Recent overviews have described the use of propensity scores in medical research and compared estimates of relationships between exposures and outcomes obtained from propensity score methods to those obtained from multivariate models10,11
. A systematic literature search11
found an exponential increase in use of propensity scores over the past several years (see ). From a baseline with between 6 and 9 published papers using these methods between 1998 and 2000, annual numbers of publications using propensity score methods increased to 39, 51 and 71 in 2001, 2002 and 2003, respectively. Among 177 published studies that used propensity score methods to evaluate the relationship of a dichotomous exposure with an outcome, medications were the most common treatment studied (34% of studies) followed by surgical interventions (28%), interventional catheterization (7%), and other medical procedures and lifestyle factors.
Frequency of Publications Using Propensity Score Methods by Year
The reason for the sharp increase in use of propensity scores over the past few years is unclear. Possibly, frequently cited presentations to clinical audiences and researchers1,12
have influenced use.
Published studies have increasingly used both propensity score methods and regression models to evaluate the relationship between an exposure and an outcome, and reviews have compared estimates in these settings10,11
. A limitation of comparisons between estimates from conventional multivariate models and those based on control for the propensity score is that the approaches used to model confounding variables and the methods of construction and modeling of the propensity score vary widely across studies and are sometimes not fully described. Nonetheless, comparisons of estimated effects of drugs from multivariate models versus propensity score analysis can shed light on the performance of these approaches in real applications. Among 78 exposure-outcome associations in 43 studies evaluated both by propensity scores and regression models, statistical significance differed between the two methods in only 8 (10%) cases10
. The propensity score methods tended to give estimates slightly closer to the null. Another comparison of 69 studies that reported results from both propensity score and regression model approaches found only 9 (13%) to have all propensity score estimates differing by more than 20% from regression model estimates11
. Thus, there is little evidence for substantially different answers between propensity score and regression model estimates in actual usage.

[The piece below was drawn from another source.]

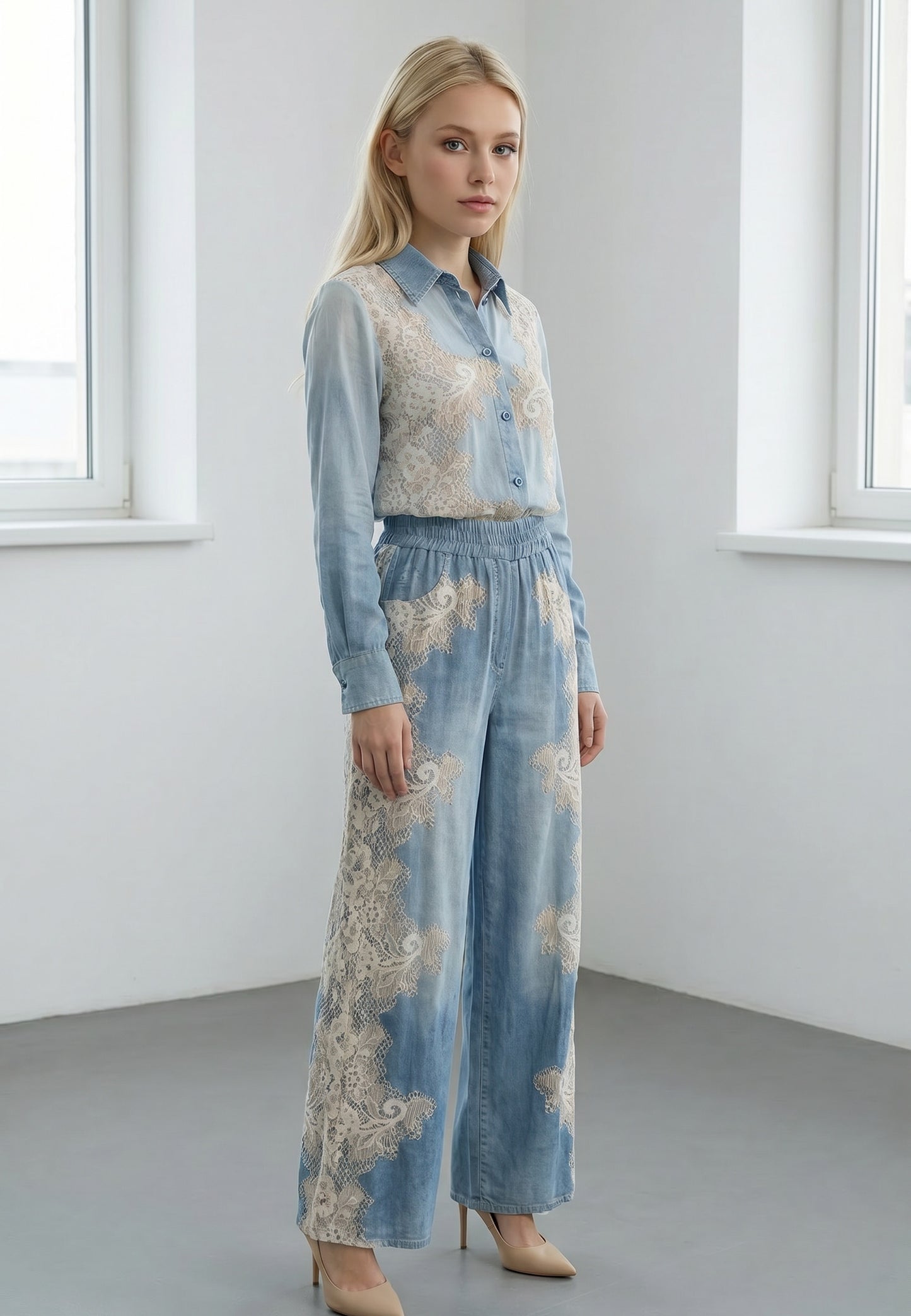 Komplet RinaScimento – Koszula + Spodnie Wide Leg w Denim Paisley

Simulation studies offer the ability to compare analytic approaches in a setting where true relationships are known. Cook and Goldman compared estimates based on propensity scores, regression model and disease risk scores and found generally comparable performance of the three methods14
. They noted exaggerated levels of statistical significance in analyses based on propensity scores and disease risk scores in settings with a high correlation between exposure and confounders. Generally, propensity score methods displayed greater robustness to such high correlations than disease risk scores.
Cepeda and colleagues focused their simulation studies on the setting with small numbers of events relative to the number of potential confounders15
. This is particularly relevant to pharmacoepidemiology where one often studies rare outcomes that occur in patients with multiple risk factors and many possible indications and contra-indications for drug use. They found that with fewer than eight events per confounder, analysis based on propensity scores yielded estimates that were less biased, more robust, and more precise than a regression approach based on logistic regression. By contrast, propensity score methods had poorer coverage than regression methods with larger numbers of events per confounder. These results are entirely consistent with the known poor performance of regression models with small numbers of events per variable16
, and indicate an important situation where propensity score methods are clearly preferred17
Another important topic evaluated in simulation studies is the impact of omitted covariates on the performance of estimates based on the propensity score. Often, available databases with detailed information on drug use either lack information on an important covariate or can only measure it crudely. Drake2
showed that omitted covariates yield comparable bias in estimates based on propensity scores relative to those based on regression models. She further demonstrated that failure to specify the response model correctly induces greater bias than incorrect specification of the propensity score and that the propensity score does not yield balance in the distributions of omitted covariates between treated and untreated subjects.